#### ABOUT THIS TASK:
How many lines in the records below hold the string "Shirt"? Please answer with the number and nothing more.
***** DATA SHOWN *****
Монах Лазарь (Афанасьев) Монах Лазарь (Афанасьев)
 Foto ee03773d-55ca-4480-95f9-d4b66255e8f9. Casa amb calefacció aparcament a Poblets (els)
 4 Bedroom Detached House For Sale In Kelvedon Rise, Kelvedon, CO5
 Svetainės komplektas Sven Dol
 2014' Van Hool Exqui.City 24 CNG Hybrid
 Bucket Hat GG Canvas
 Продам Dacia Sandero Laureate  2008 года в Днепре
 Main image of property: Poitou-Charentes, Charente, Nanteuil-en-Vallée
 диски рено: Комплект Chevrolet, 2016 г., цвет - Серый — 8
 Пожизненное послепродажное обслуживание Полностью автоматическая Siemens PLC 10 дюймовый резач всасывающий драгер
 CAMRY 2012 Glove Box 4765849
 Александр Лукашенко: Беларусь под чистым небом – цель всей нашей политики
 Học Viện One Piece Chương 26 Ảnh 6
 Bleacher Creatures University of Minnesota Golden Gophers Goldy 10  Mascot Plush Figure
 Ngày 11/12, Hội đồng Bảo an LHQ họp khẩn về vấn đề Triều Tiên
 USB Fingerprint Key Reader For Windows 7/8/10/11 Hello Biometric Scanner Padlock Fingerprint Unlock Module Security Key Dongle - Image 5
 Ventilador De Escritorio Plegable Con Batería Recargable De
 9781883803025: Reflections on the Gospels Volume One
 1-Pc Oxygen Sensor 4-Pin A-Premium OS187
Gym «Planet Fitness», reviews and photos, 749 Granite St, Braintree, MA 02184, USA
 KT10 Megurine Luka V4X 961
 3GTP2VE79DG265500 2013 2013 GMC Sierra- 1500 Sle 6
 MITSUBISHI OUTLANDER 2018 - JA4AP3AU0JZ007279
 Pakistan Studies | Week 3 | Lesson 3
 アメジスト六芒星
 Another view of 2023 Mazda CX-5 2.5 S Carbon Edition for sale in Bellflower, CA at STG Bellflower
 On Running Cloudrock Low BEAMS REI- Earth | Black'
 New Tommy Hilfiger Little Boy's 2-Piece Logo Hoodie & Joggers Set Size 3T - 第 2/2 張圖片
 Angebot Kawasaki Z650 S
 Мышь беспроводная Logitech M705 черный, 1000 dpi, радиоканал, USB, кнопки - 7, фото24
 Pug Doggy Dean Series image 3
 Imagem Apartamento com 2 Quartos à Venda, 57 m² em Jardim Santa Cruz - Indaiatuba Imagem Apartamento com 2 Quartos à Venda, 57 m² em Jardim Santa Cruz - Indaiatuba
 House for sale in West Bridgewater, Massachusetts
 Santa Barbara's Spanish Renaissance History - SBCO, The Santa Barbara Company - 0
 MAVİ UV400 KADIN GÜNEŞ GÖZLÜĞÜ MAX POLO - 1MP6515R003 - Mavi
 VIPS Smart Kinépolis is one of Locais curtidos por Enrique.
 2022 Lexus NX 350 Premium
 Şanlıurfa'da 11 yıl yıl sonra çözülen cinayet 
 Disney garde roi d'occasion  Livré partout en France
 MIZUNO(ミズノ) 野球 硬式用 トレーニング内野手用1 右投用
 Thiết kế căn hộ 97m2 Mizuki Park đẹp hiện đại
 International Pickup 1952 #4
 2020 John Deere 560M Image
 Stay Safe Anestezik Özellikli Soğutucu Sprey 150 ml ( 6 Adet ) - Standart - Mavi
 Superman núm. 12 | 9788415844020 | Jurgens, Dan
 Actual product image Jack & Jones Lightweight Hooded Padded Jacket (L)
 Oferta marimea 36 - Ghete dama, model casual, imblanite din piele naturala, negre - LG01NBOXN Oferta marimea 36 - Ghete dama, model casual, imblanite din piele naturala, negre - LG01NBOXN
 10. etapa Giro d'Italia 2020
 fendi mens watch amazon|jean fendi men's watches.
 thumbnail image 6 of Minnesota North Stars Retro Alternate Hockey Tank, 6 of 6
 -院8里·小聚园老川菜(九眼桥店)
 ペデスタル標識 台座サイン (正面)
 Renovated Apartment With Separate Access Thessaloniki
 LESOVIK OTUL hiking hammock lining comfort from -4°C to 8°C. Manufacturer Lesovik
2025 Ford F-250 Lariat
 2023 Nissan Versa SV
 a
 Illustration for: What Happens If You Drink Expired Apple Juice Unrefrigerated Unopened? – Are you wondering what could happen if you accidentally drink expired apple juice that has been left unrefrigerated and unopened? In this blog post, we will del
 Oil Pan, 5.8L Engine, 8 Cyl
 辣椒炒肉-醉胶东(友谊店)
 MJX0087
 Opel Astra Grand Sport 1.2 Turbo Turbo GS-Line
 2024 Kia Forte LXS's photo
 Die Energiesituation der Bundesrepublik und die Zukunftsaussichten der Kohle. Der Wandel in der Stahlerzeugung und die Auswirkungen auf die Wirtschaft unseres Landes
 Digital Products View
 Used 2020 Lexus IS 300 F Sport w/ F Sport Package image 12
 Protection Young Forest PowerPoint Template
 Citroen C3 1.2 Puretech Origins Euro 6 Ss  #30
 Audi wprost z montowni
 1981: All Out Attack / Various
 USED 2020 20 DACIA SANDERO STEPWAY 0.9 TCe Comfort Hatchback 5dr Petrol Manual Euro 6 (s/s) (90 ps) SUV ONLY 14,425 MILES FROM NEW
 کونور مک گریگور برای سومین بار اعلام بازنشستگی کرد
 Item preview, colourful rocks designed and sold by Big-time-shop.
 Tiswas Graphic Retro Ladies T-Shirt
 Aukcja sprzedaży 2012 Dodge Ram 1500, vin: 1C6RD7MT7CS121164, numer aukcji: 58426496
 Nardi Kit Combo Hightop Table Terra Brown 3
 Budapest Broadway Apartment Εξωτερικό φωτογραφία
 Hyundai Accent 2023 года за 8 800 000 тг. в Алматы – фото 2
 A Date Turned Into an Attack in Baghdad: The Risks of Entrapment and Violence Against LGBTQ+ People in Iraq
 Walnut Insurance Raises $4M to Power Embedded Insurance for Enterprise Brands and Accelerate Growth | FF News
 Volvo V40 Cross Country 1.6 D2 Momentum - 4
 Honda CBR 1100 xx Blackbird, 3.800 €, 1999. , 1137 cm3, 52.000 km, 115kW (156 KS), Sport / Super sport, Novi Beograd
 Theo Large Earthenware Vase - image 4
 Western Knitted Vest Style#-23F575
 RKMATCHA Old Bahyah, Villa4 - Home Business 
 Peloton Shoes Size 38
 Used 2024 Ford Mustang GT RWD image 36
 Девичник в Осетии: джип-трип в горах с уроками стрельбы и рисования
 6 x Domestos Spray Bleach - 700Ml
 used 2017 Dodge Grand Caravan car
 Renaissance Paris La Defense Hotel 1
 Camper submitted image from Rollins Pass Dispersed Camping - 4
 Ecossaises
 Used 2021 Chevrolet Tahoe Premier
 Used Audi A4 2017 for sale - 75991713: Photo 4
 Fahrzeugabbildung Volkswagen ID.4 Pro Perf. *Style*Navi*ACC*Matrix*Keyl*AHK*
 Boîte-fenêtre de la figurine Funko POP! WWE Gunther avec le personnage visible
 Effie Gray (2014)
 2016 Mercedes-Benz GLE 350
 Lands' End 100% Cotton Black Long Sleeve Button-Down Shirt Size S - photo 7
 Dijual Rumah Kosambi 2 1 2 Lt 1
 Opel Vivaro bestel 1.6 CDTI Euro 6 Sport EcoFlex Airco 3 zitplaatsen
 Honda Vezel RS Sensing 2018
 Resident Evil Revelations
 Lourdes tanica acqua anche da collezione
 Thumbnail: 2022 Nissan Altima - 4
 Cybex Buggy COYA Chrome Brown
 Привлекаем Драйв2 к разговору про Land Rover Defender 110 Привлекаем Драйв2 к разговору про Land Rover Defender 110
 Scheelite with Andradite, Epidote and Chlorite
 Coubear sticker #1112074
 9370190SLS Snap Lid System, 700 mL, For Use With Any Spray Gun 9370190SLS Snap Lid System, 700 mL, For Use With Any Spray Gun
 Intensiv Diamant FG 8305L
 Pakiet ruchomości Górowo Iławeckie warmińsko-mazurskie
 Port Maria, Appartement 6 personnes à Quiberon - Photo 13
*****
#### FINAL ANSWER:
2